Entonces lo traemos de vuelta a las marcas. ¿Cómo puede explotar la IA para comprender mejor a sus clientes? Vamos a desglosarlo un poco. ¿Qué necesitan saber las marcas sobre los consumidores? En última instancia, necesitan comprender los hábitos y las percepciones. ¿Por qué la gente elige una cosa sobre otra? ¿Por qué un chico va por un iPhone pero otro elige un Samsung? No se trata solo de consideraciones prácticas como el precio y la disponibilidad. Es un proceso de toma de decisiones más profundo que eso.

Veamos el ejemplo de una compañía de seguros que fija las primas de un cliente. El viejo modelo consistía en tomar datos actuariales y demográficos disponibles: edad, sexo, residencia, historial de manejo. Pero eso no es necesariamente la mejor opción. Ahora tenemos otros datos y tenemos los algoritmos dirigidos por la IA que se ejecutan sobre los datos, por lo que las preguntas del modelo anterior son totalmente irrelevantes. Lo único que importa es: ¿es este tramo de camino por donde estás manejando propenso a que ocurran accidentes? ¿O es este tramo de camino por donde estás manejando no muy susceptible a accidentes? Y la póliza de seguro debería cambiar dependiendo de cuánto tiempo circules en cada tramo”.

Entonces, hablamos de la capacidad de la inteligencia artificial para permitir que las marcas utilicen los datos de manera más sensible, más empática y, por lo tanto, cuando se trata del resultado final, de manera más efectiva y eficiente. Las marcas, al final del día, quieren ganar dinero y los consumidores quieren gastarlo sabiamente. Lo que la tecnología y la inteligencia artificial pueden hacer es alinear estos dos objetivos, brindando una mayor satisfacción del cliente al ayudar a las marcas a comprender mejor las necesidades de su base de clientes. Si se hace bien, es para beneficio de todos.

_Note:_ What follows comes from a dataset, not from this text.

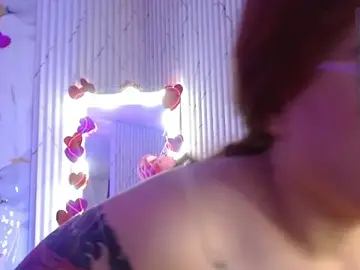 Stripchat Adult Webcam of Naomy_tay1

Esa es la realidad comercial y económica. Es genial pensar en estos increíbles avances tecnológicos como pasos gigantes hacia adelante para la humanidad, trayendo beneficios para todos. Pero la ciencia dura proviene del efectivo duro. La tecnología de monetización es clave para las grandes marcas. Usar la investigación tecnológica para maximizar las ganancias es un negocio difícil. Para los observadores externos, es un campo fascinante de observar: apenas se puede predecir qué giro tomarán las cosas a continuación. Pero no hay risas en la sala de juntas, solo elecciones inteligentes y con visión clara. Los exitosos darán forma a nuestras vidas como nunca antes: quedaremos deslumbrados y asombrados, pero luego nos adaptaremos y pronto lo daremos por sentado.